One month since bragging he could beat Donald Trump in a presidential race, the JPMorgan Chase & Co. chief backed the White House on several fronts. On an earnings call with reporters Friday, Dimon passed up chance after chance to criticize Trump’s trade war, jawboning habit and temperamental relationship with his own Federal Reserve.

He complimented the administration’s "negotiating tactic" on China and predicted a trade deal. He said the relationship between big business and the White House is "active and good." And the same week Trump said the Fed had "gone crazy," Dimon said he had "never seen a president who wanted interest rates to go up."

Things have changed in the past month. "I think I could beat Trump," Dimon said at a September event that was supposed to celebrate his firm’s philanthropy. "I’m as tough as he is, I’m smarter than he is." A few hours later, Dimon backtracked completely -- which didn’t stop the president from firing back on Twitter, calling him “a nervous mess.”

Dimon’s latest tone is friendly.
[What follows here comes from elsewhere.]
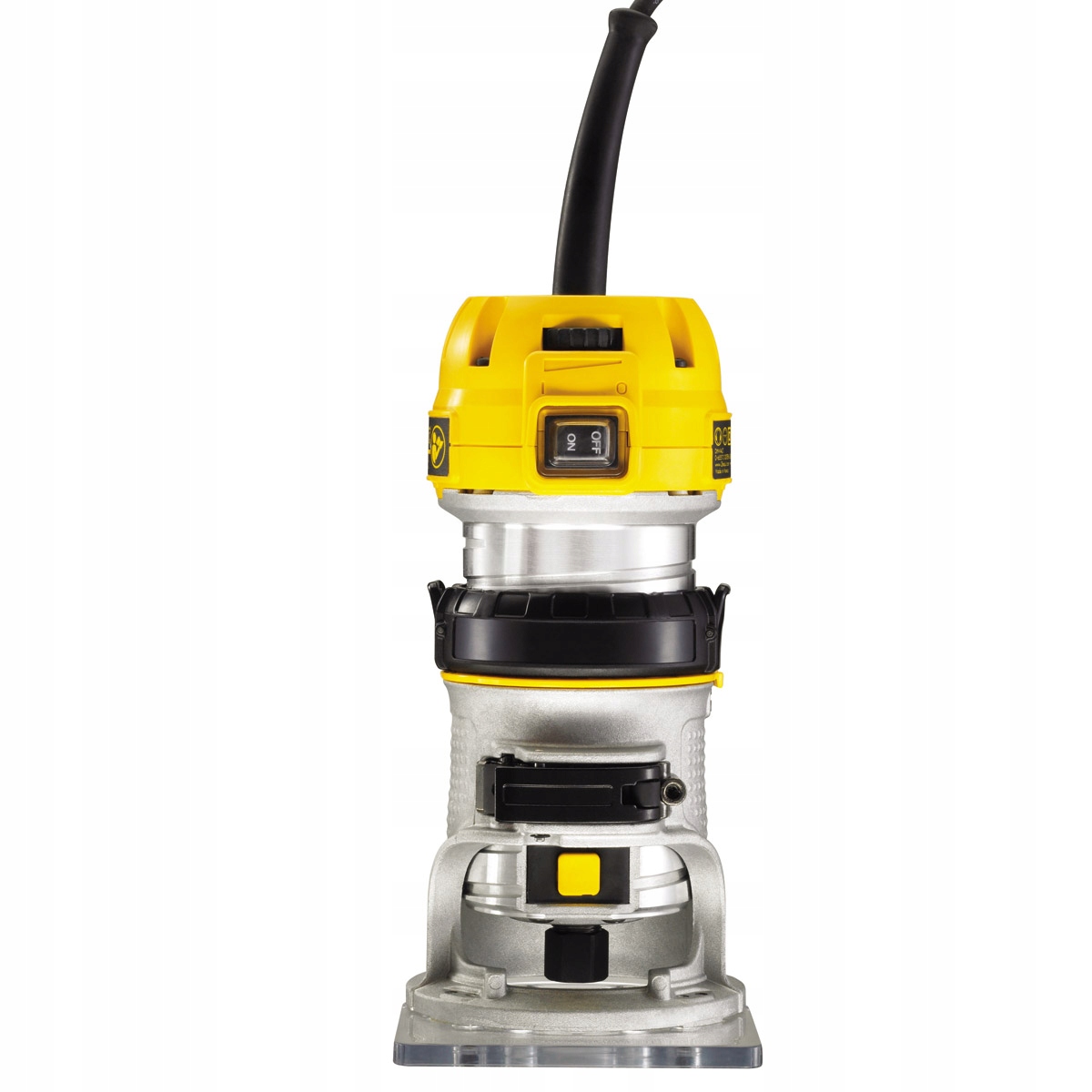 Frezarka krawędziowa górnowrze 6-8mm DeWalt D26200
Even his quote atop the bank’s earnings statement included a shoutout: "We are extremely excited to be expanding again, as smart regulatory policy and a competitive corporate tax system help us to deliver," he wrote. "We just opened our first branch in Washington, D.C."

Dimon -- who also chairs the Business Roundtable, a corporate lobbying group -- has run hot and cold on Trump over the past two years. After the inauguration, he said Trump had reawakened “animal spirits” in the U.S., and he praised some policies in his most recent annual letter. But he’s also said the administration’s separation of children from parents at the U.S. border with Mexico was cruel.